__The problem__. Send back the line that contains "Building Photo - 4016 Moss Rd" and all lines following it through the end of the data below, exactly, omitting pictures.

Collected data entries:
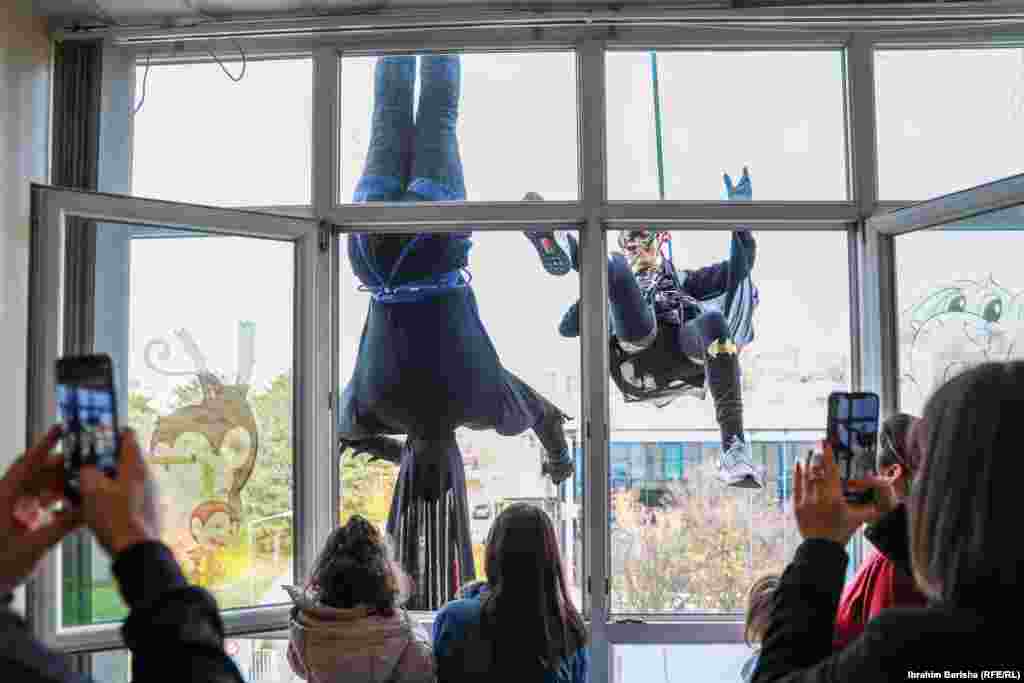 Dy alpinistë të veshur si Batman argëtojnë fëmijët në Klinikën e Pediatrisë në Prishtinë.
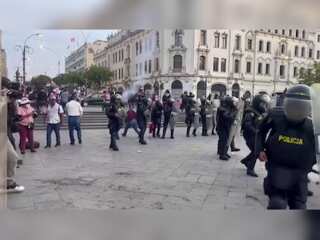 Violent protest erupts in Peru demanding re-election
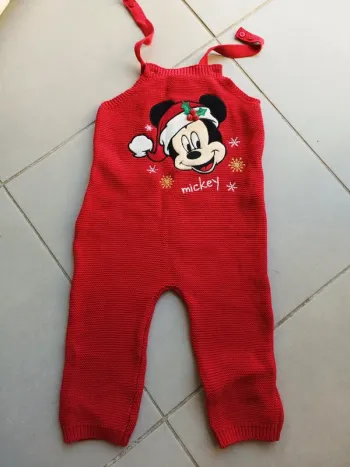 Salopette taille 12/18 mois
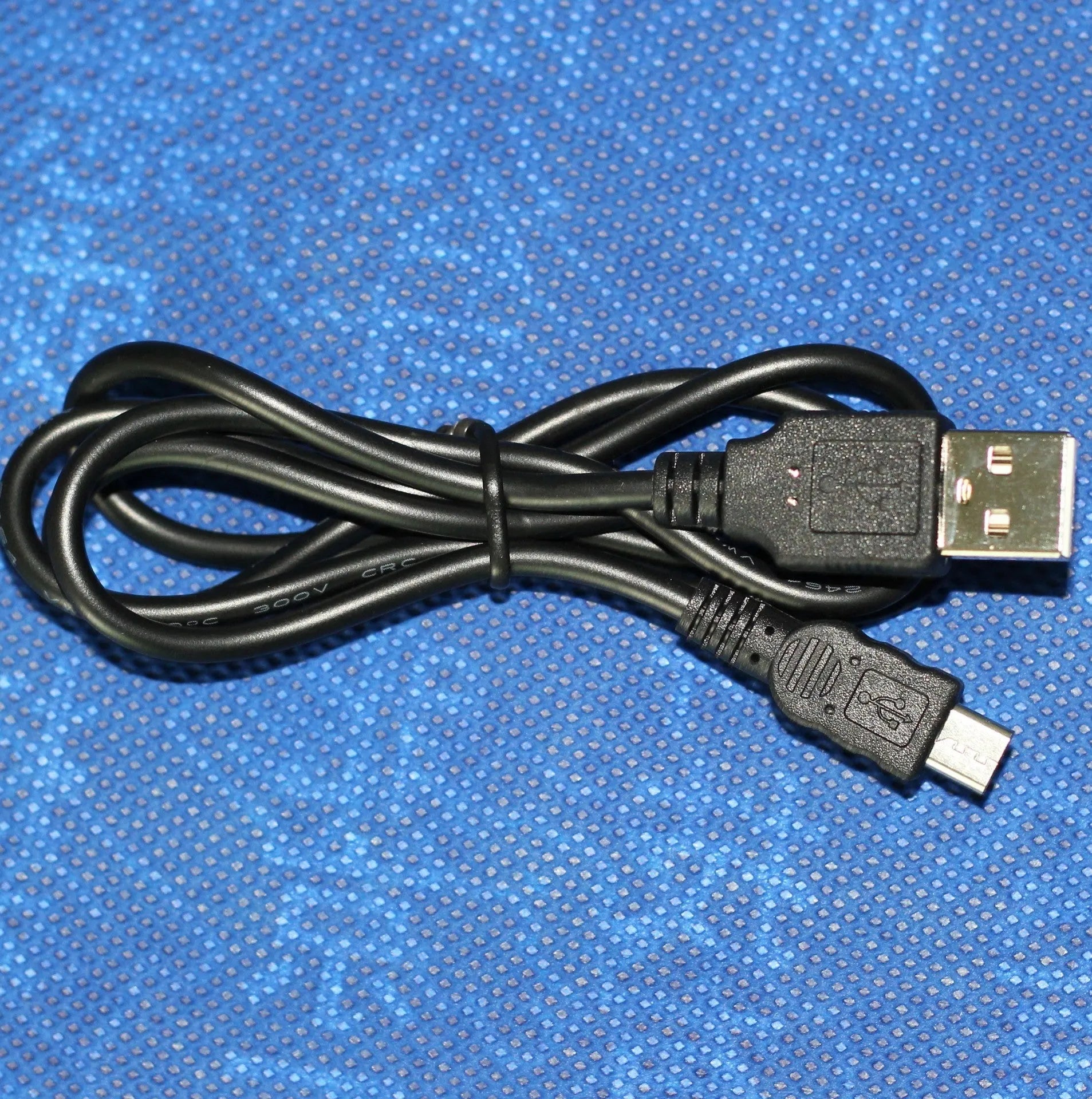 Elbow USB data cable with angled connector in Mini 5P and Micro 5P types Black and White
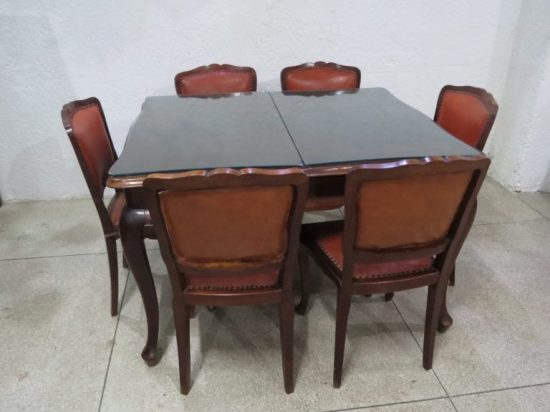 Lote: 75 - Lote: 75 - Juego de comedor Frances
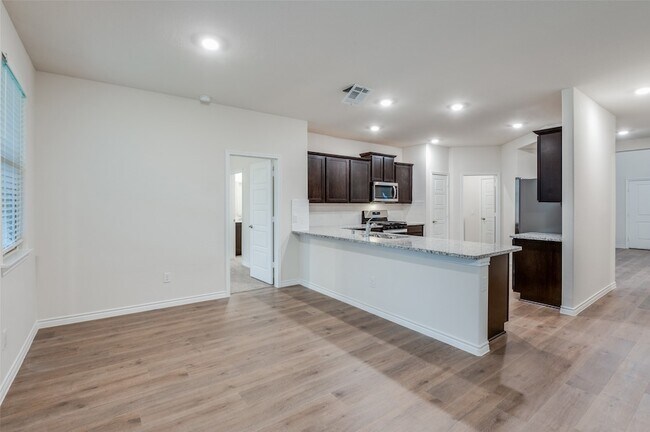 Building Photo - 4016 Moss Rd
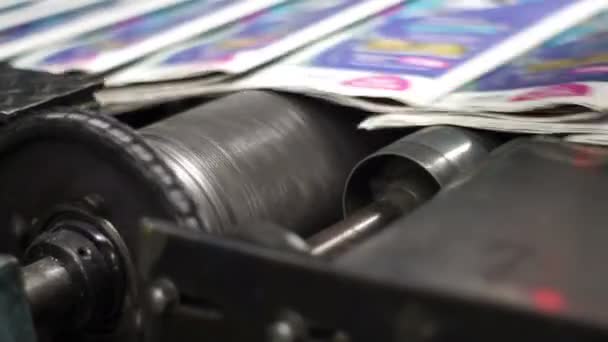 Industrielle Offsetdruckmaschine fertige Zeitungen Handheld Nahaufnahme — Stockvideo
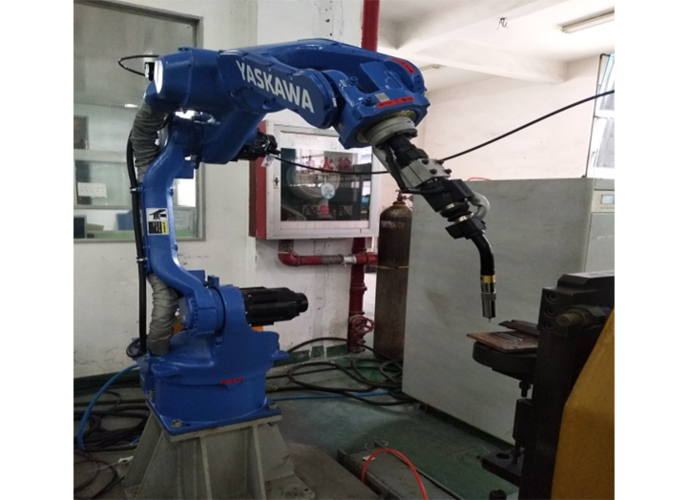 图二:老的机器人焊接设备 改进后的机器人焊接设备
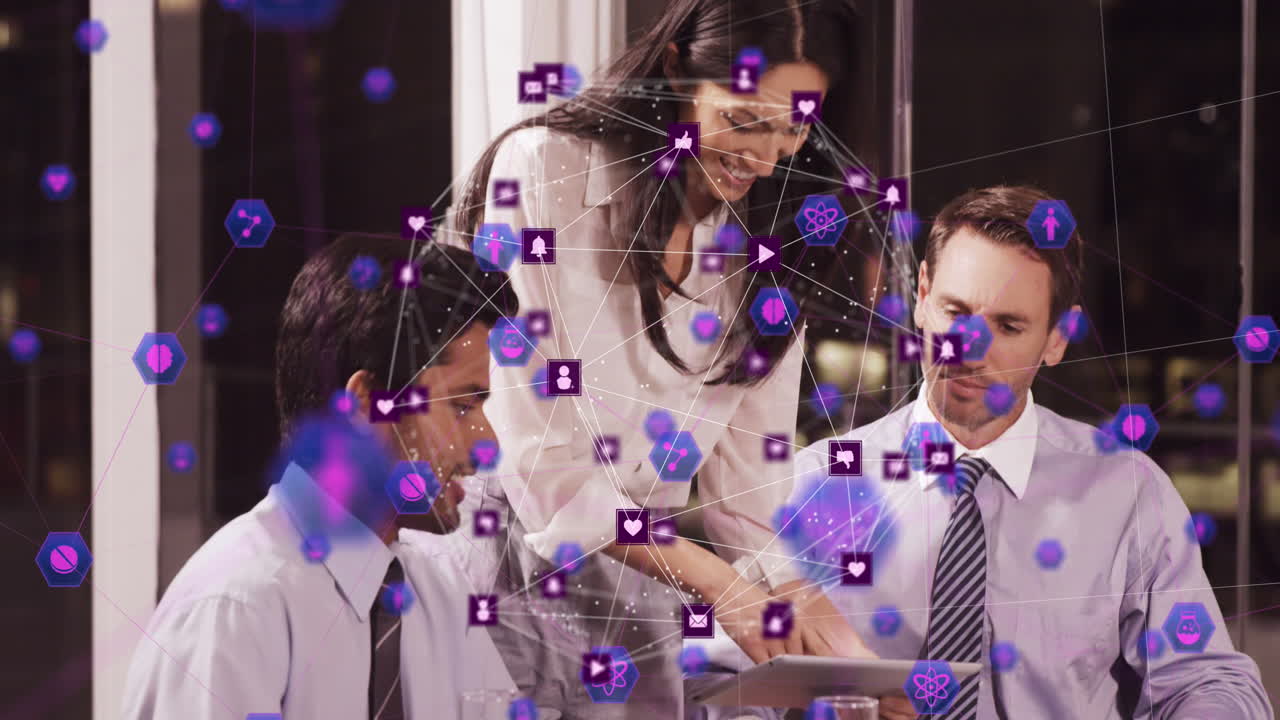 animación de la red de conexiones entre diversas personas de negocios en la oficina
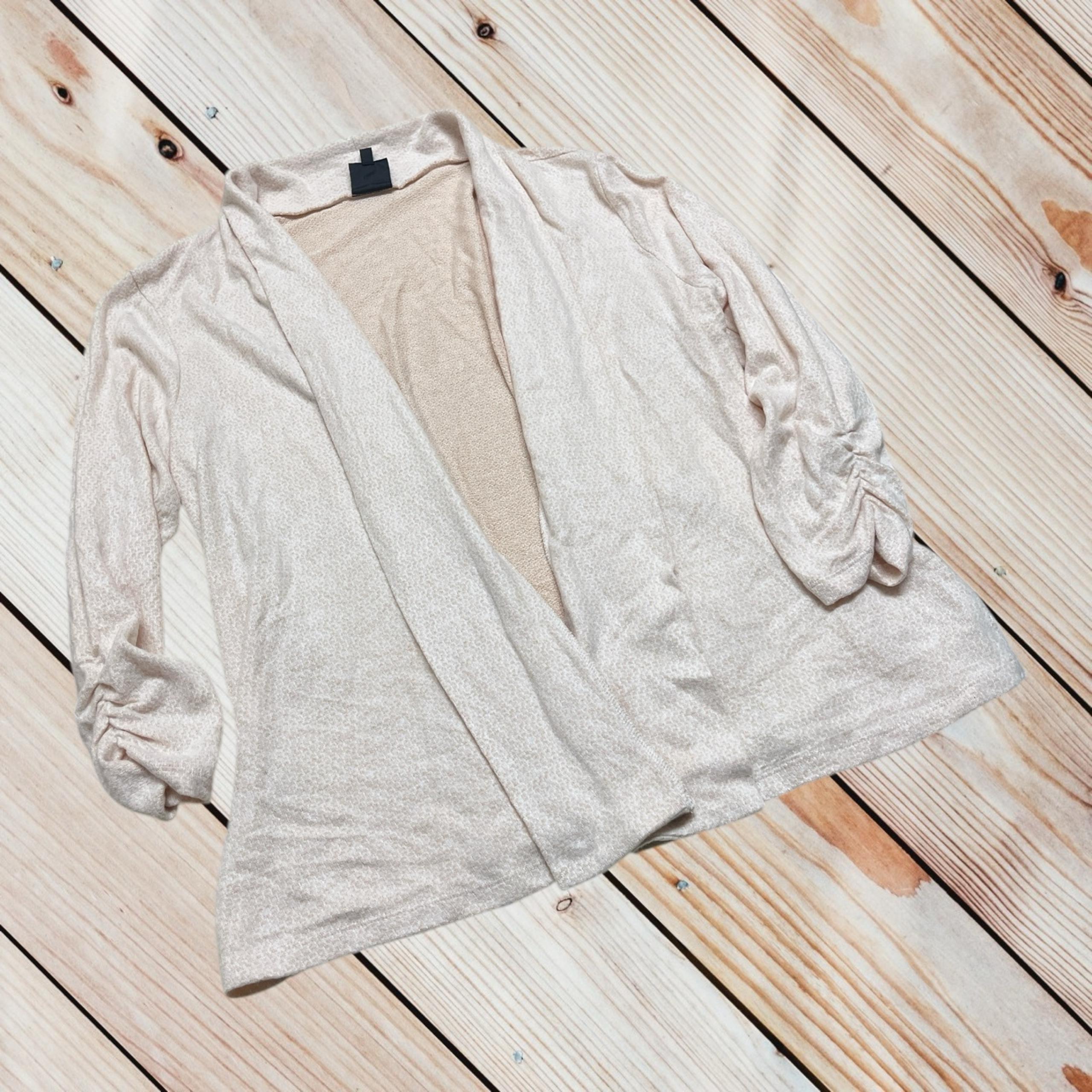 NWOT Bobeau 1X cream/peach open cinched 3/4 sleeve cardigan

__Final answer__.
 Building Photo - 4016 Moss Rd
 Industrielle Offsetdruckmaschine fertige Zeitungen Handheld Nahaufnahme — Stockvideo
 图二:老的机器人焊接设备 改进后的机器人焊接设备
 animación de la red de conexiones entre diversas personas de negocios en la oficina
 NWOT Bobeau 1X cream/peach open cinched 3/4 sleeve cardigan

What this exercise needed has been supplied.